Excerpted records →
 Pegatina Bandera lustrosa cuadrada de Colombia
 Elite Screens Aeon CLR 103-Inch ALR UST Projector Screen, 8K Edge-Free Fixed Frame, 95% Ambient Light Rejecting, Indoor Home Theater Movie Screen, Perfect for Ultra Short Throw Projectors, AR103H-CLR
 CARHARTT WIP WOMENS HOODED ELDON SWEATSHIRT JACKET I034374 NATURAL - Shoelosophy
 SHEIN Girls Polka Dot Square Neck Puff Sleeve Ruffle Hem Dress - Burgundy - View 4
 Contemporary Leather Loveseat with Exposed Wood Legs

---

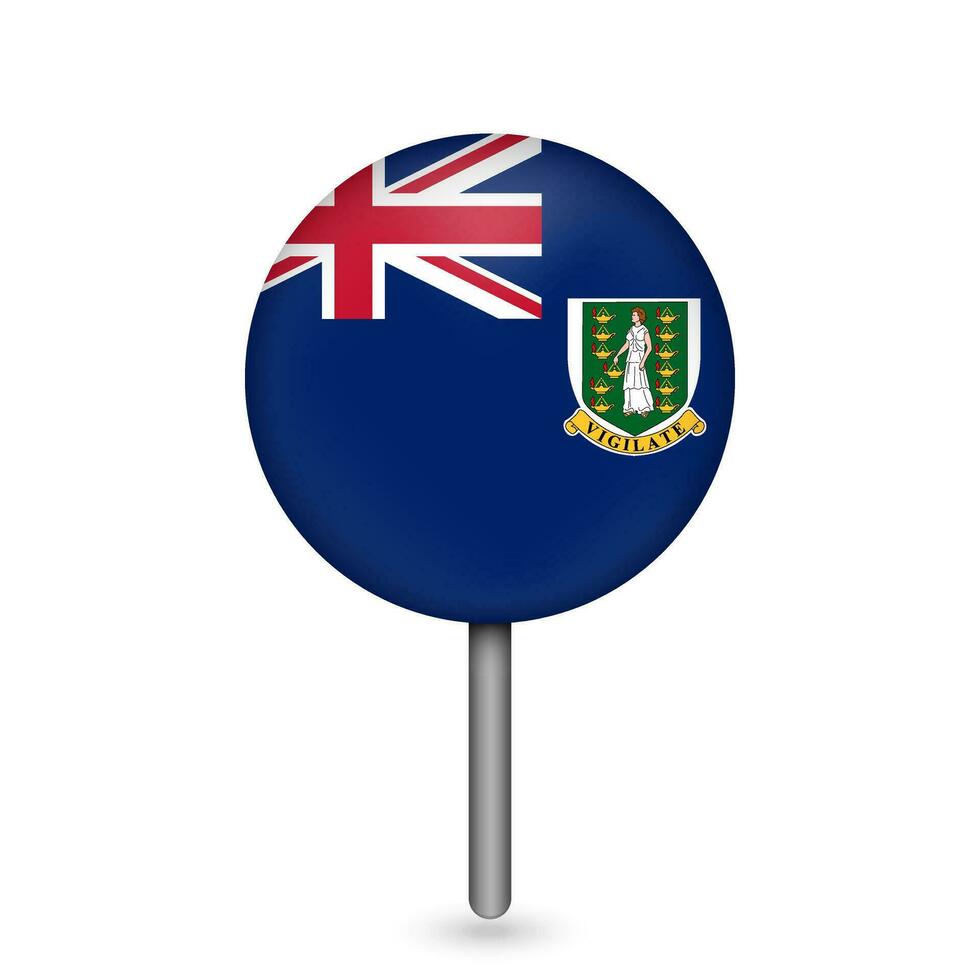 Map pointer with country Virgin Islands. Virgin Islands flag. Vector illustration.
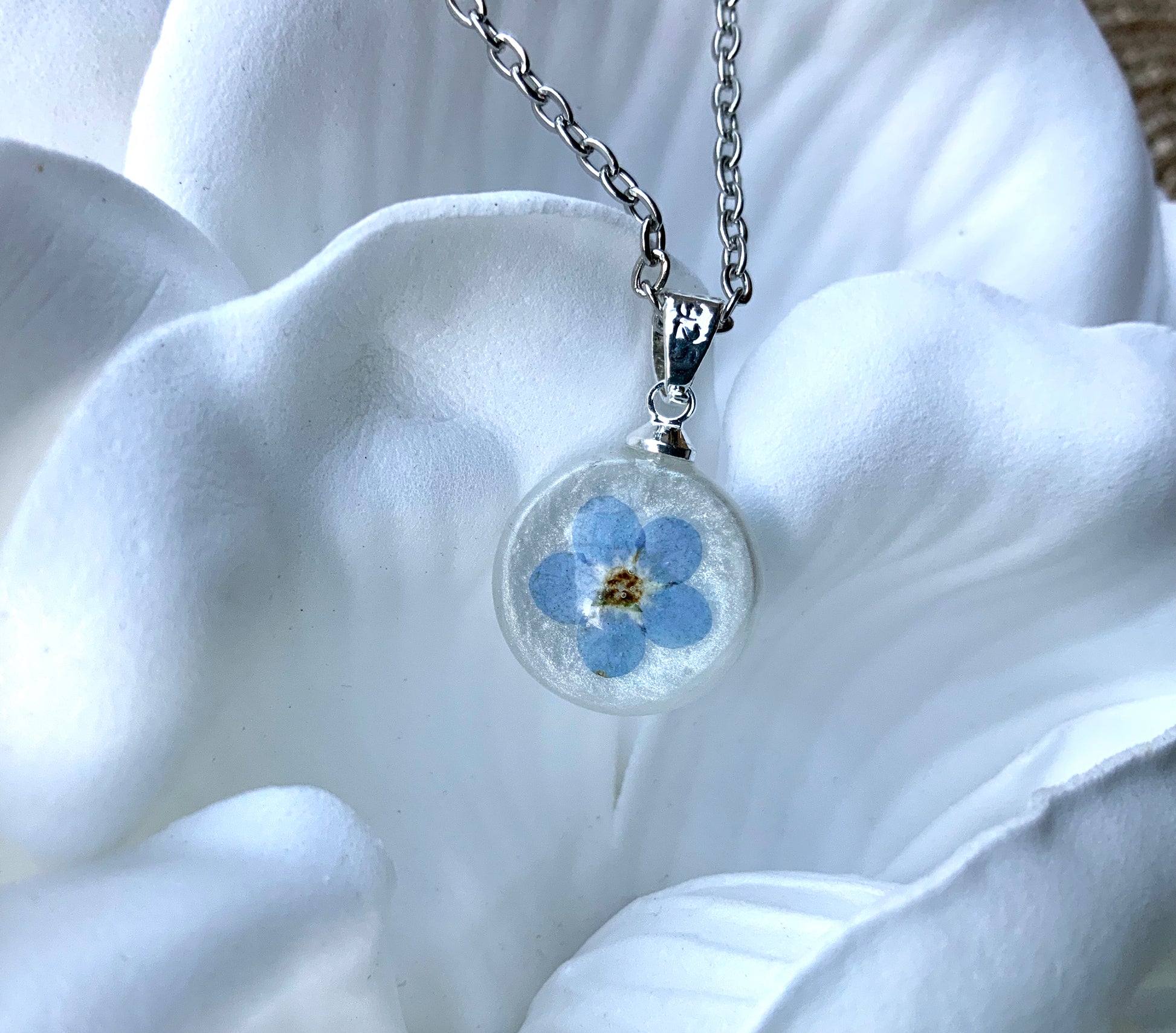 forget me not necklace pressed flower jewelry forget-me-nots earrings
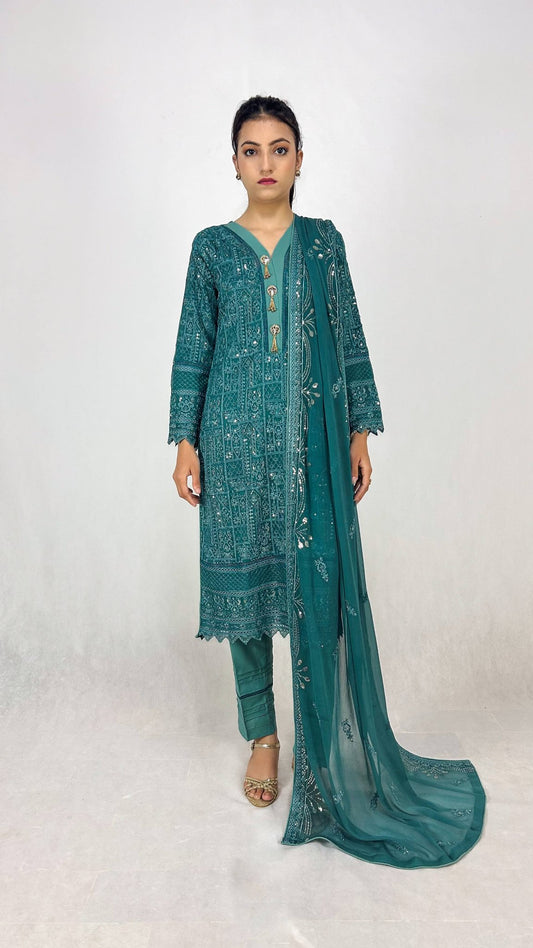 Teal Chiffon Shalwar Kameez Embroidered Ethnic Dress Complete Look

What is being asked → Give again the stretch of lines above from the one with "Map pointer with" through the one with "Teal Chiffon Shalwar", both ends kept, and copy no pictures.

Finished exercise →
 Map pointer with country Virgin Islands. Virgin Islands flag. Vector illustration.
 forget me not necklace pressed flower jewelry forget-me-nots earrings
 Teal Chiffon Shalwar Kameez Embroidered Ethnic Dress Complete Look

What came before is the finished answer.